> **WHAT YOU WILL DO**: Write out nothing except the lines running from the one containing "스탠다드 룸 산 전망, Casa Das Obras" to the last line of the data, exactly as they stand.

> **DATA EXTRACT**:
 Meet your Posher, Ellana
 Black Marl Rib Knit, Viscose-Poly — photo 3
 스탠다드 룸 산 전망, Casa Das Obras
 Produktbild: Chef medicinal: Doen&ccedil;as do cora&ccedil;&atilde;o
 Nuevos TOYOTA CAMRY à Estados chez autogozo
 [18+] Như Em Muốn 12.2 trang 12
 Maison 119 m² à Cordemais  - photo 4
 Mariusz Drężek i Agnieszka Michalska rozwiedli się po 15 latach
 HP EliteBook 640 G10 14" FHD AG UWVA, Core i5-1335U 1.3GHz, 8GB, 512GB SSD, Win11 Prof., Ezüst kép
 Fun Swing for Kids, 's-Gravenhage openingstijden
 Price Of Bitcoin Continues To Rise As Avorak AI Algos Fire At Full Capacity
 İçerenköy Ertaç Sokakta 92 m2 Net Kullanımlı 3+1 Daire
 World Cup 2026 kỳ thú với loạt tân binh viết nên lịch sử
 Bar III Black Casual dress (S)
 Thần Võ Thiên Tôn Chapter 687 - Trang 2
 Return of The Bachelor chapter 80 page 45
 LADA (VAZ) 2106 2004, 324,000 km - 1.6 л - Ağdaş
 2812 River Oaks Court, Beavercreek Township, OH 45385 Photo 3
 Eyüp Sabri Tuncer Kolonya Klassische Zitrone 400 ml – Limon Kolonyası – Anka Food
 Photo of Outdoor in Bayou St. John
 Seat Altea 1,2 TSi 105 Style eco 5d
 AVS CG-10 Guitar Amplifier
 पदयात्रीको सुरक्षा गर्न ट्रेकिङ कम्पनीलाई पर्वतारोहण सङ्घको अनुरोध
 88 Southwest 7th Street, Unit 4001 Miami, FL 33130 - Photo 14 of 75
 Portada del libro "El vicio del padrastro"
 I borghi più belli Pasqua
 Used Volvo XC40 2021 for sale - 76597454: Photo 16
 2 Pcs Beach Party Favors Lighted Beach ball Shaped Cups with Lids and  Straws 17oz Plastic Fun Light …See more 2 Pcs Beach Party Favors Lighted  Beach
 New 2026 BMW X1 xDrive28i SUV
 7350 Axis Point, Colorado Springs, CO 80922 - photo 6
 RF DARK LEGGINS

> **SOLUTION TO THIS PROBLEM**:
 스탠다드 룸 산 전망, Casa Das Obras
 Produktbild: Chef medicinal: Doen&ccedil;as do cora&ccedil;&atilde;o
 Nuevos TOYOTA CAMRY à Estados chez autogozo
 [18+] Như Em Muốn 12.2 trang 12
 Maison 119 m² à Cordemais  - photo 4
 Mariusz Drężek i Agnieszka Michalska rozwiedli się po 15 latach
 HP EliteBook 640 G10 14" FHD AG UWVA, Core i5-1335U 1.3GHz, 8GB, 512GB SSD, Win11 Prof., Ezüst kép
 Fun Swing for Kids, 's-Gravenhage openingstijden
 Price Of Bitcoin Continues To Rise As Avorak AI Algos Fire At Full Capacity
 İçerenköy Ertaç Sokakta 92 m2 Net Kullanımlı 3+1 Daire
 World Cup 2026 kỳ thú với loạt tân binh viết nên lịch sử
 Bar III Black Casual dress (S)
 Thần Võ Thiên Tôn Chapter 687 - Trang 2
 Return of The Bachelor chapter 80 page 45
 LADA (VAZ) 2106 2004, 324,000 km - 1.6 л - Ağdaş
 2812 River Oaks Court, Beavercreek Township, OH 45385 Photo 3
 Eyüp Sabri Tuncer Kolonya Klassische Zitrone 400 ml – Limon Kolonyası – Anka Food
 Photo of Outdoor in Bayou St. John
 Seat Altea 1,2 TSi 105 Style eco 5d
 AVS CG-10 Guitar Amplifier
 पदयात्रीको सुरक्षा गर्न ट्रेकिङ कम्पनीलाई पर्वतारोहण सङ्घको अनुरोध
 88 Southwest 7th Street, Unit 4001 Miami, FL 33130 - Photo 14 of 75
 Portada del libro "El vicio del padrastro"
 I borghi più belli Pasqua
 Used Volvo XC40 2021 for sale - 76597454: Photo 16
 2 Pcs Beach Party Favors Lighted Beach ball Shaped Cups with Lids and  Straws 17oz Plastic Fun Light …See more 2 Pcs Beach Party Favors Lighted  Beach
 New 2026 BMW X1 xDrive28i SUV
 7350 Axis Point, Colorado Springs, CO 80922 - photo 6
 RF DARK LEGGINS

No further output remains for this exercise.